For those of you who have never been to the Great Lakes State (especially for you desert-dwellers who only know what grass is because you used to play outside on a small patch of it, which you called "The Green"), here is what Michigan looks like:
Except, of course, during the 14 months of winter; then it looks more like this:
Anyway, what I’m getting at is the fact that the Michigan countryside is definitely lacking in the blacktop and concrete department. I’m seriously right now, you guys. And I know that’s not the right conjugation of the word “serious”… I was making a South Park reference. Sheesh. Here’s another: I’m super serial. There is so much nature out there… it’s, it’s not natural (said aloud in my creepy Blair Witch Project voice).

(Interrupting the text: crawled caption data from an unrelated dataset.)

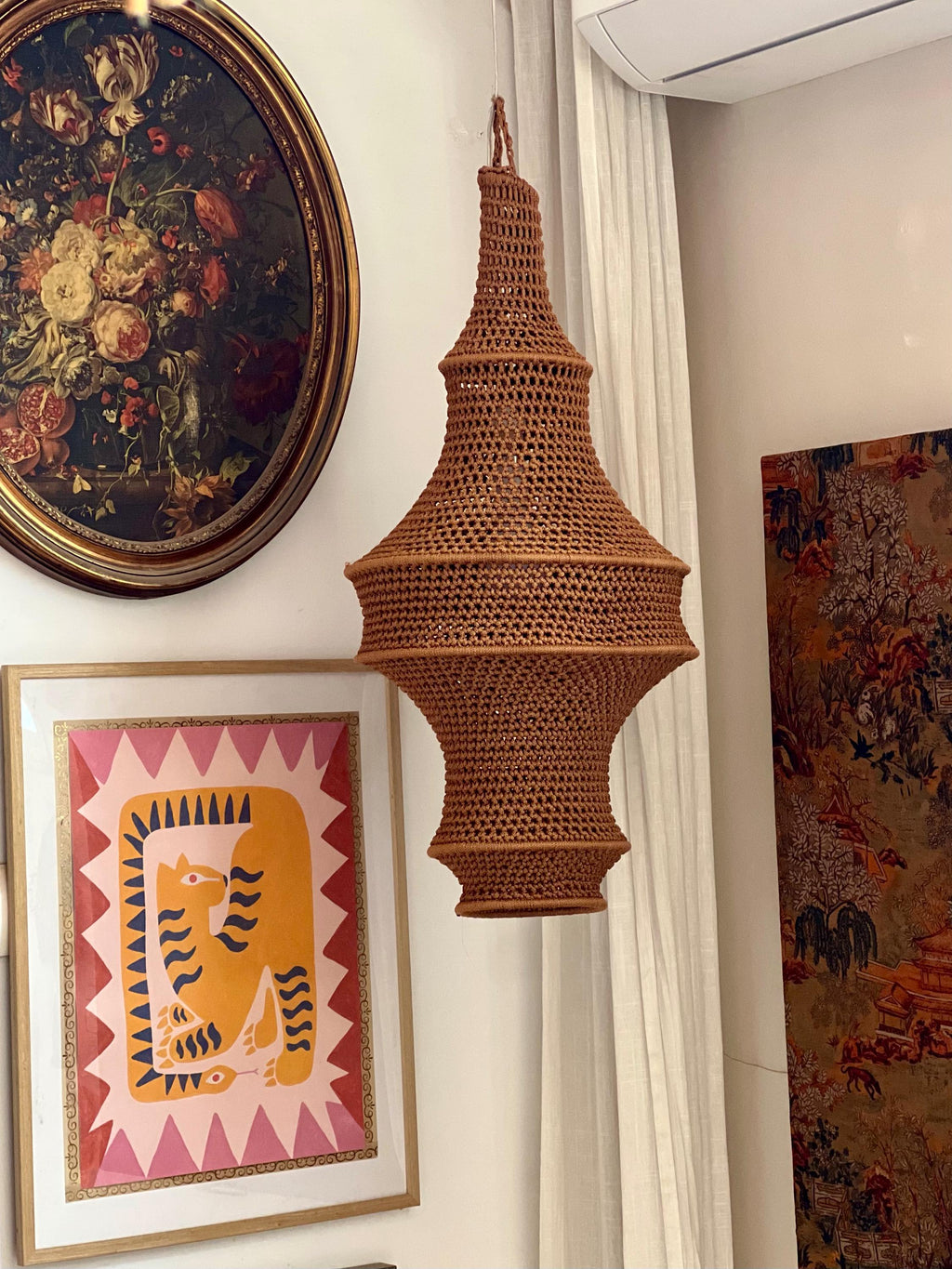 A hanging pendant light shade crafted from brown yarn in a crochet stitch pattern. The shade features a multi-tiered,…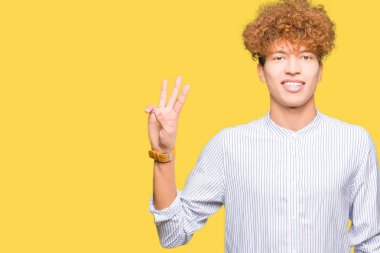 Şık gömlek gösterme ve parmakları ile işaret giyen afro saçlı Genç yakışıklı iş adamı kendinden emin ve mutlu gülümseyerek iken üçüncü.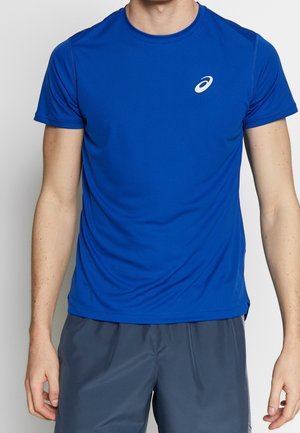 Mężczyzna w niebieskiej sportowej koszulce z krótkim rękawem z logo na piersi i ciemnoszarych szortach, stojący na jasnym jednolitym tle.
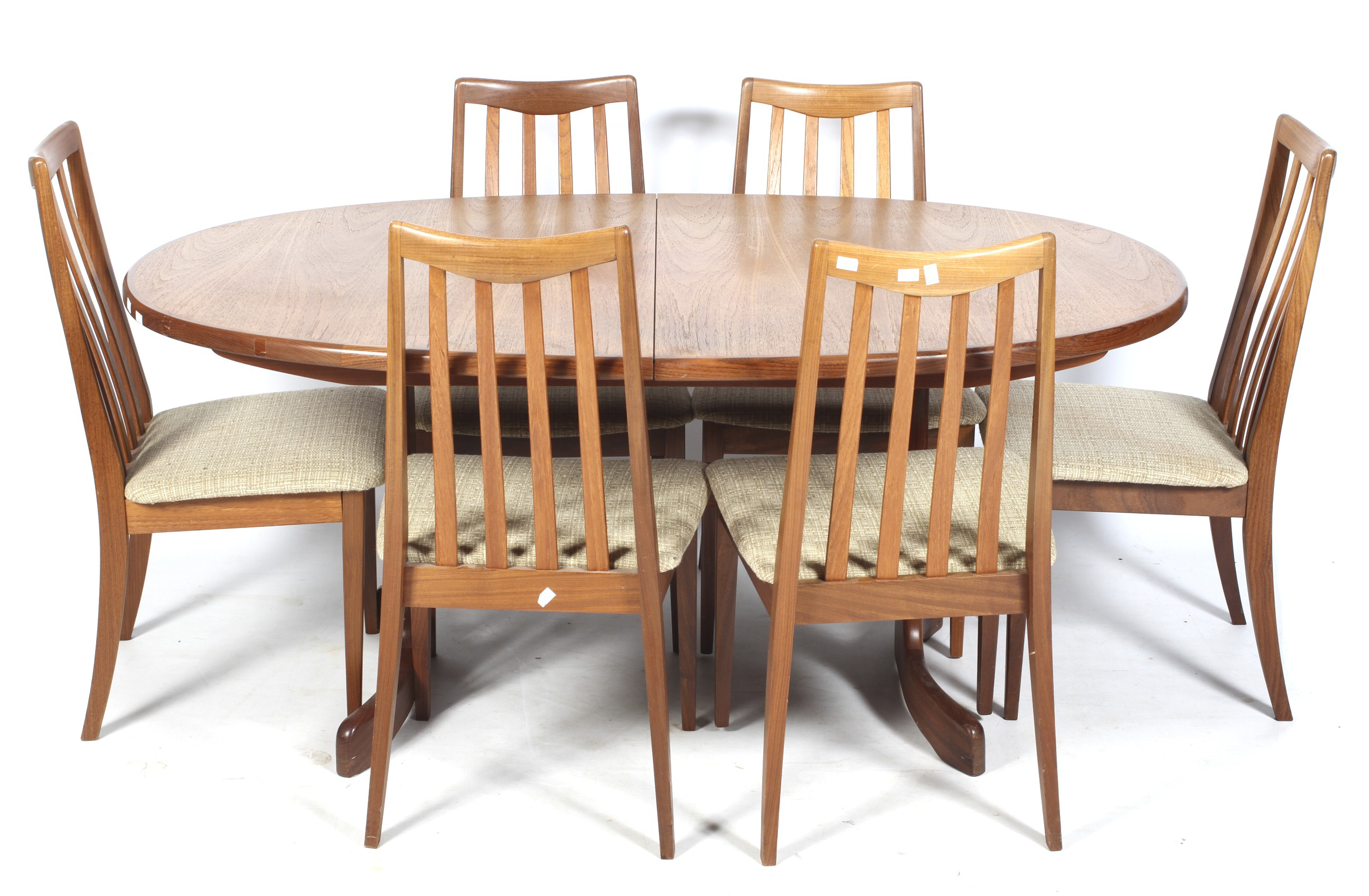 A mid-1970s G-Plan Fresco oval extending dining table and six chairs.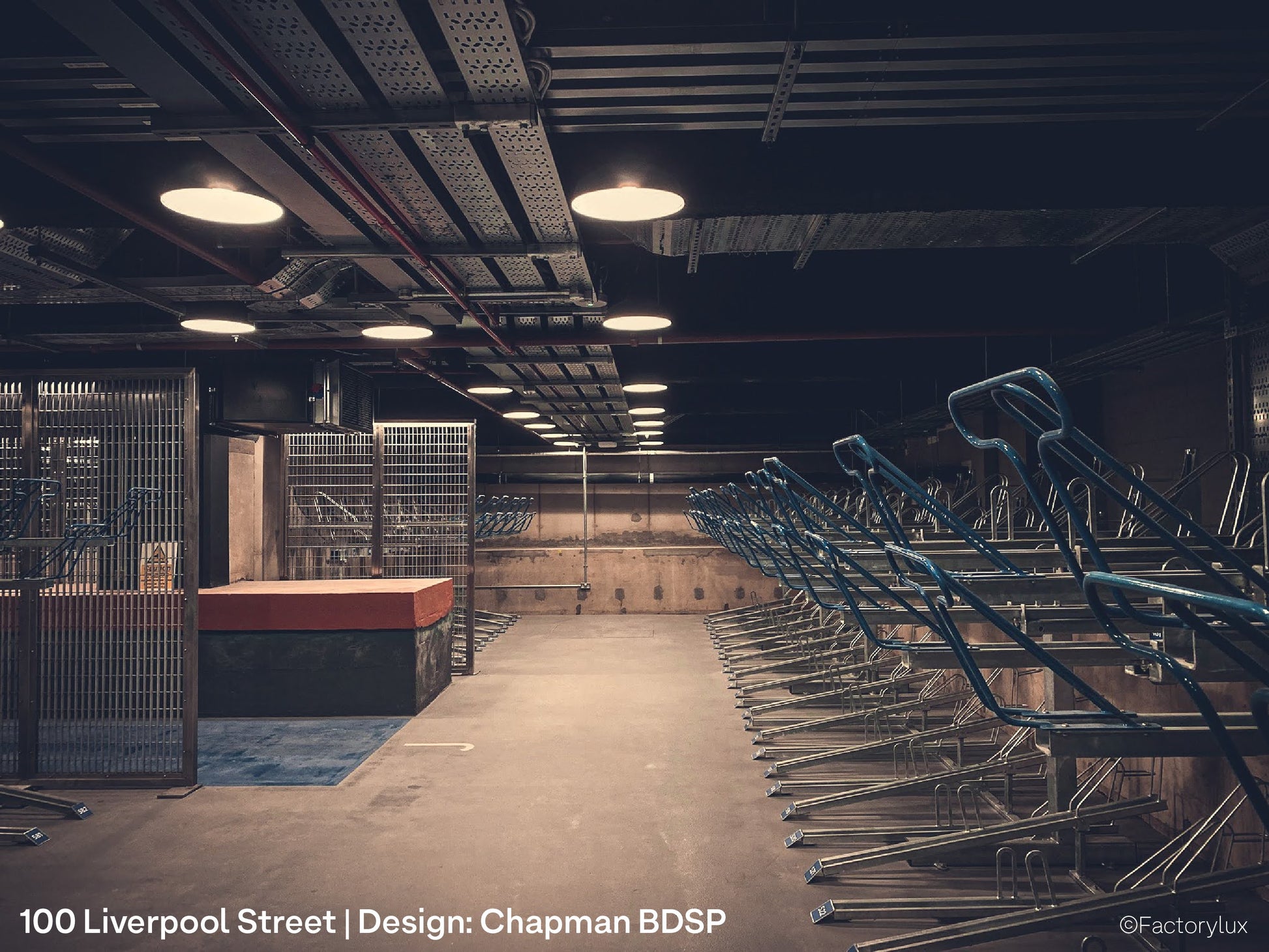 Safe bicycle storage with attractive pendant lighting in the underground concrete parking lot of an office development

So, Breezy and I were out at his parents’ house, which is a cute log-cabin-style house in the middle of BFE, and we were preparing for a party (which was AMAZING! There was a pig roast, tons of yummy food, karaoke, and a million other things that are so cool that you wish you could have been there), and Breezy’s dad suggests that we “help out” by trimming the weeds along the driveway. This sounded all right at first (it was the least we could do, right?), but what you don’t know is that this place has a driveway that’s a quarter of a mile long and is surrounded by a dense forest, (which is probably filled with animals, demons, and savages – according to authors like Nathaniel Hawthorne), so you can’t even see the house from the road. To unsuspecting travelers, it is as if the place doesn’t even exist. You could scream at the top of your lungs out there and I doubt anyone would be able to hear you…
(Cue scary movie sound effects that make you want to piss your pants, but you can’t leave the theater to find the bathroom because you want to see if the hot guy comes in to save the day.)

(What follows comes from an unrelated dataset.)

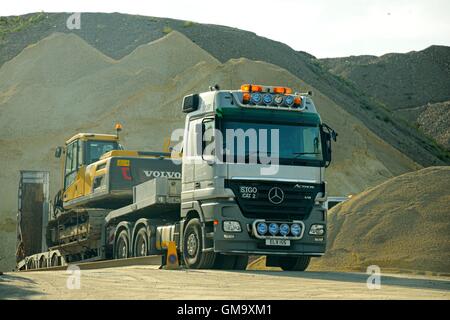 Mercedes Actros V8 avec un scanner à plat remorque transportant une Volvo Earth Mover se trouve à un site d'agrégats Banque D'Images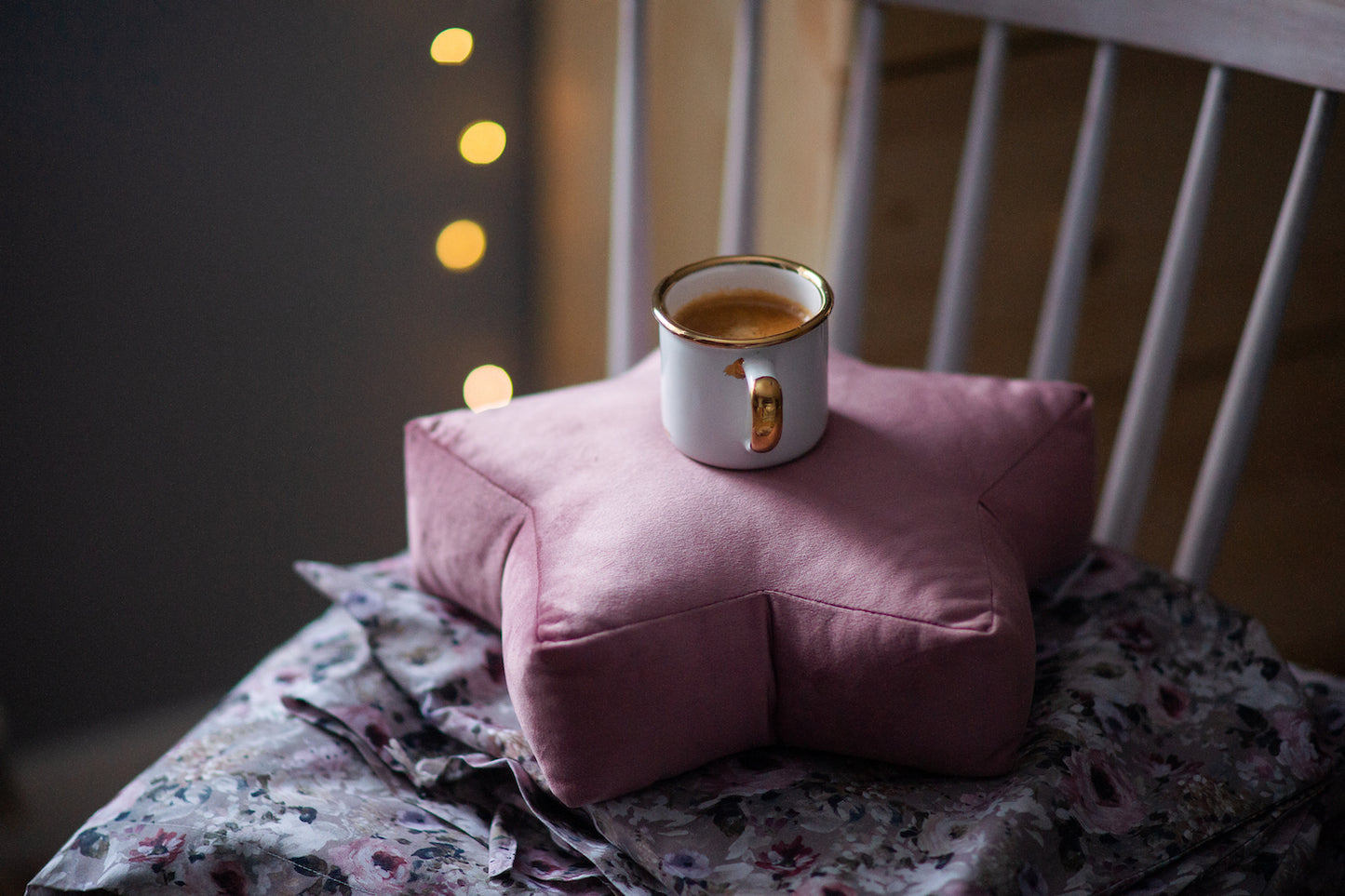 kubek z kawą stojący na małej poduszce gwiazdce różowej z weluru od bettys home. dekoracja salonu w skandynawskim stylu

So there we were, each of us armed with a pair of clippers, trimming away the weeds one giant thorn-covered branch at a time. It wasn’t so bad at first, but as the sun went down (as it tends to do every now and then), the bugs came out. And not just the “oh, dear, there’s a bug on you” kind of bugs. Swarms of “someone get me an effing flame thrower so I can torch these effing bugs!” kind of bugs. It wasn’t pretty. The more we clipped the sweatier we got and the bugs started to stick to us.
The muggy heat mixed with the West Nile that was seeping into our veins, causing delirium, and before we knew it we had made it halfway down the driveway. That sounds like an accomplishment, I know, but don’t be fooled! That means there was still the OTHER HALF!

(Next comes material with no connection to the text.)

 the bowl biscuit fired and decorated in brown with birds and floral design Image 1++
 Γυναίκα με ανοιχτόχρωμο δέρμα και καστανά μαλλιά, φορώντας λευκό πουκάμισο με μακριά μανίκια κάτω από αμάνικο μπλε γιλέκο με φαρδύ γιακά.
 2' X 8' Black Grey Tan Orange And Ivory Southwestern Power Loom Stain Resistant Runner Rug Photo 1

Fortunately, we were unable to finish and here’s why:
Close up of my sweat-covered face and torso, showing that I am the character with the largest boobs, so I will be the first to die in this horror movie.
Zoom-in on the thorn-covered, bug-infested, 6-feet tall weeds.
A twig snaps in our general area.
Breezy and I look at one another, fear in our eyes.
There is a loud animalistic grunt, which causes both of us to look back at the weeds.
This is what I think is in there:
There is a lot of high-pitched-little-girl-like screams and the sound of our feet hitting the gravel as we both high-tail it back to the safety of the porch.
We look at one another again, shame in our eyes, for we know not which of us was doing the screaming.